1 Introduction

Nowadays, ICT (Information and Communication Technology) devices enable real-time remote communication over the network. Ranging from the high-qualified commercial systems at the top of the range to freely downloadable application software at the bottom, various choices are available for remote communication [1]. The network-based remote communication is a convenient tool. However, it addresses several critical issues, such as lack of tele-presence feeling and lack of relationship feeling in communication [2].

As for the lack of tele-presence feeling in remote communication, the idea of mobile robot-based remote communication proposes one solution to this issue. The effectiveness of these approaches in remote communication has been shown by experimental studies using a mobile robot [4, 12]. Embodiment of an agent using anthropomorphization of an object [8] also shows an interesting idea towards the higher presence of a remote participant [11].

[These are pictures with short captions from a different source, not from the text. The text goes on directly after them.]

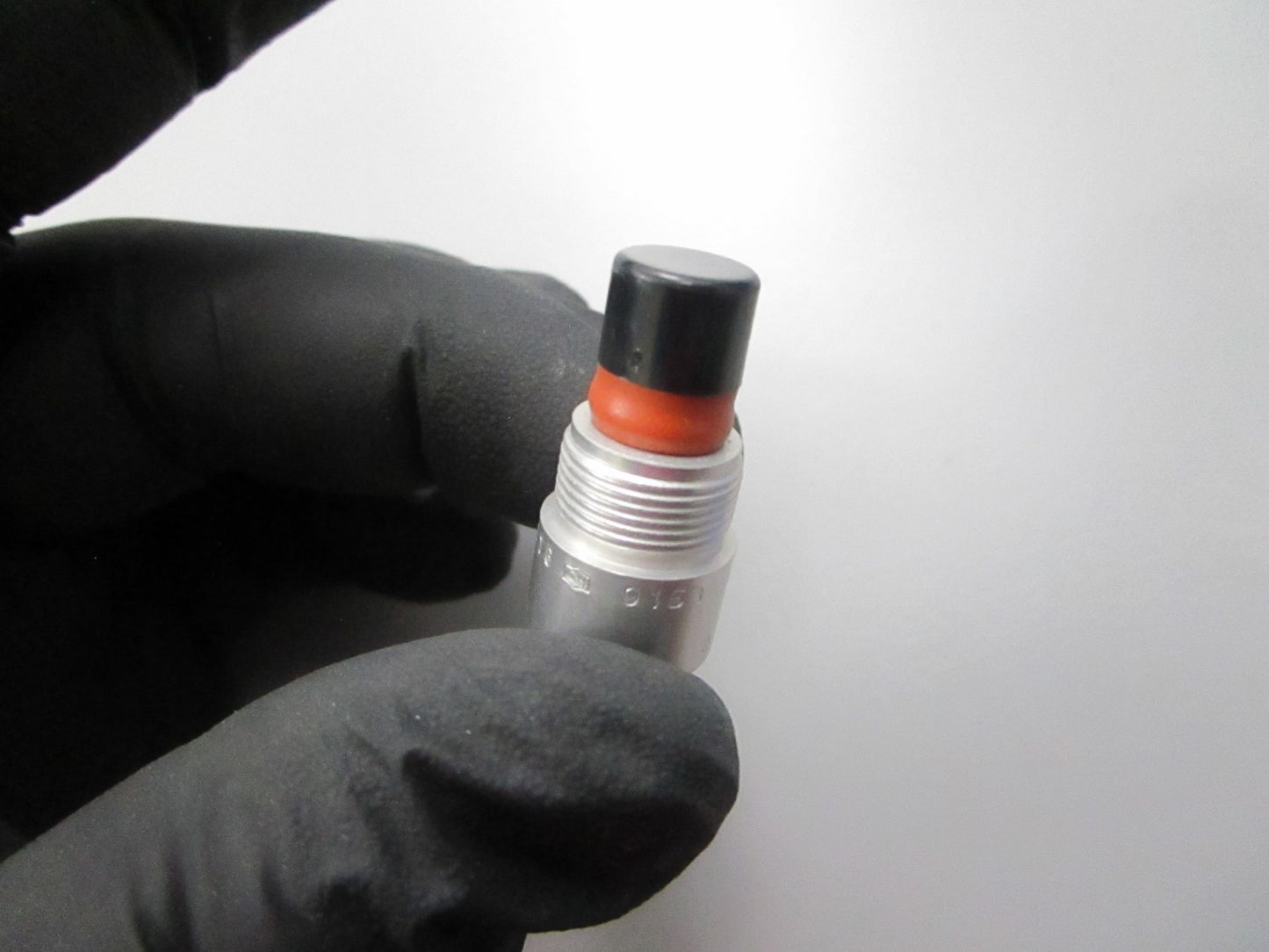 *NEW OEM* 0810 Mercury Quicksilver Push Button Switch 87-813737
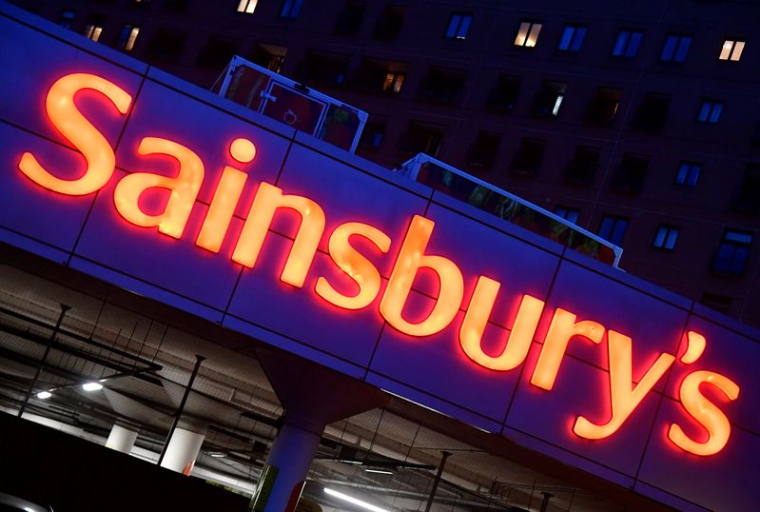 SAINSBURY'S PRÉVOIT UNE BAISSE DE SES BÉNÉFICES ANNUELS EN RAISON DE L'INFLATION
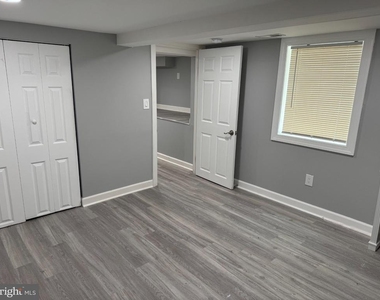 8803 48th Avenue - Photo Thumbnail 22
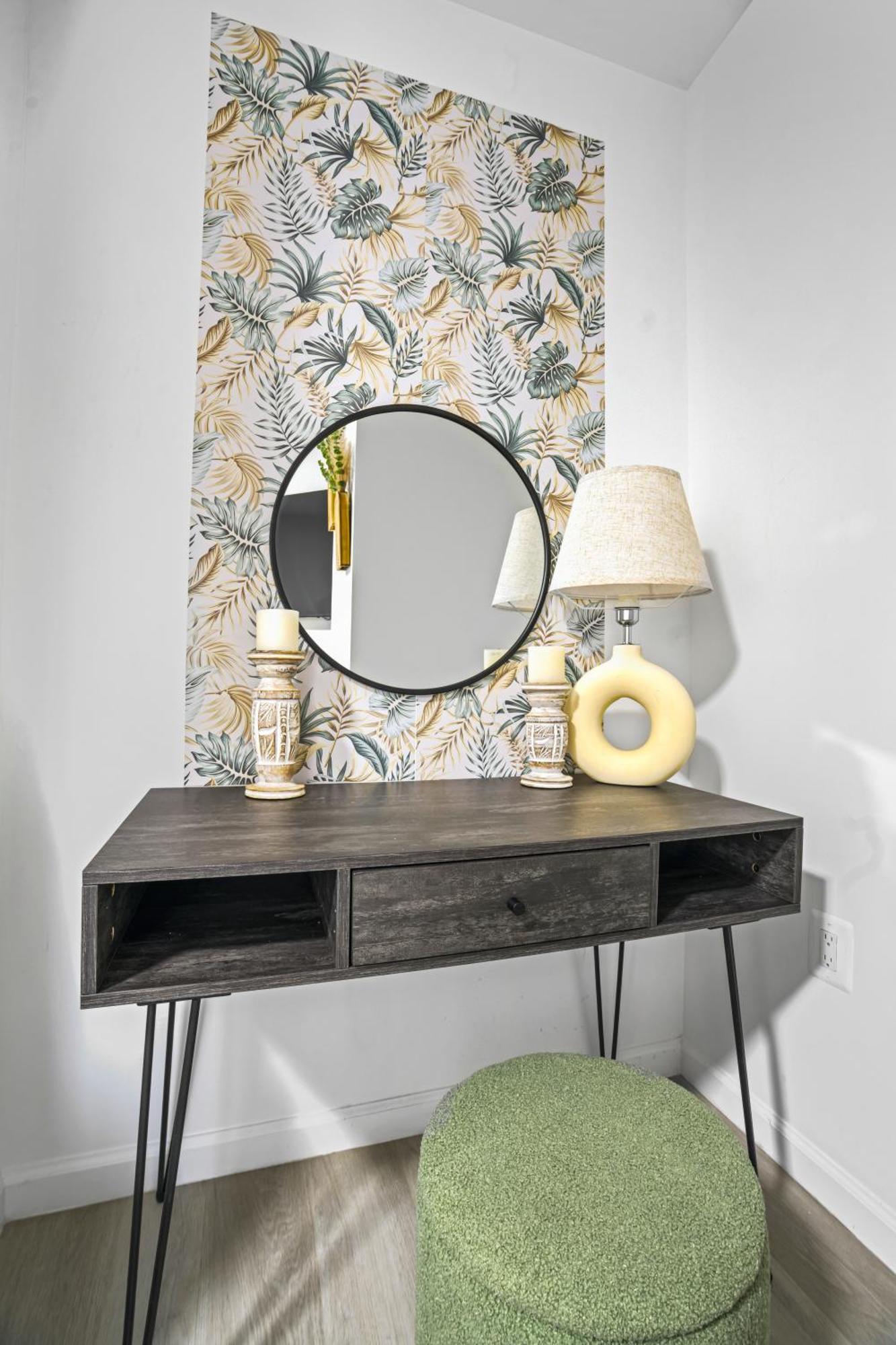 Homelike In The Heart Of China Town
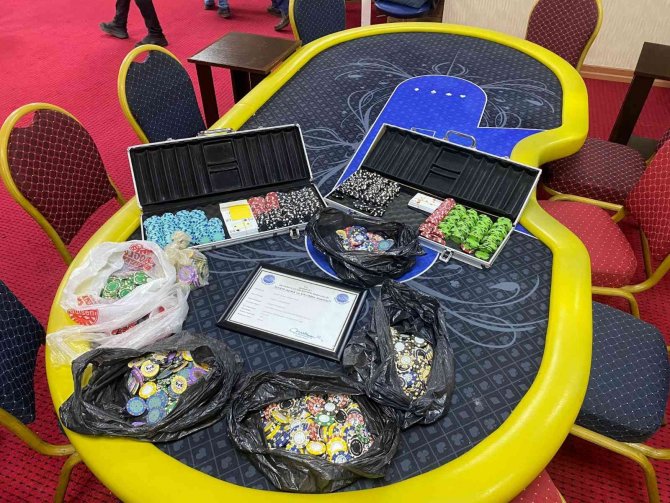 Adana’da 12 Kahvehaneye 178 Bin 420 Lira Kumar Cezası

Tele-presence robots provide the tele-presence of the operator in the remote site and even enable to do some kinds of tele-operating tasks remotely. Some robots provide a basic function to support distance communication using several critical technologies such as face image display of the operator [9], remote-drivability to move around, tele-manipulation as well as the basic communication functions such as “talk”, “listen”, and “see” [5]. However, it is recognized that there is still a gap between robot-based video conference and face-to-face one.

A robotic arm-typed system with mobile function has undertaken a new challenge. For example, Kubi [7], a non-mobile arm type robot, allows the remote user to “look around” during their video call by commanding Kubi where to aim the tablet using intuitive remote controls over the web. Moreover, an idea of enhanced motion display using a moving object has also been reported [10]. However, the movement of human body as non-verbal movement of the remote person is still an open issue.

Considering the critical aspect of entrainment in human communication [13], this research challenges the two issues, which are the lack of tele-presence feeling and the lack of relationship in communication [3]. This paper presents an overview of ARM-COMS (ARm-supported eMbodied COmmunication Monitor System) for connecting remote individuals through augmented tele-presence systems.

2 ARM-COMS (ARm-supported eMbodied COmmunication Monitor System)

2.1 Basic System Overview of ARM-COMS

ARM-COMS is composed of a desktop type mechanical robotic arm, which holds a tablet PC, such as a smart phone, and dynamically manipulates its position and movement autonomously. This autonomous manipulation is controlled by the head movement of a master person whom the tablet represents in remote communication. The head movement of the master person can be recognized by a portable motion sensor, such as a Kinect [6] sensor, and its detected signals are transferred to the PC under which ARM-COMS is connected over the network.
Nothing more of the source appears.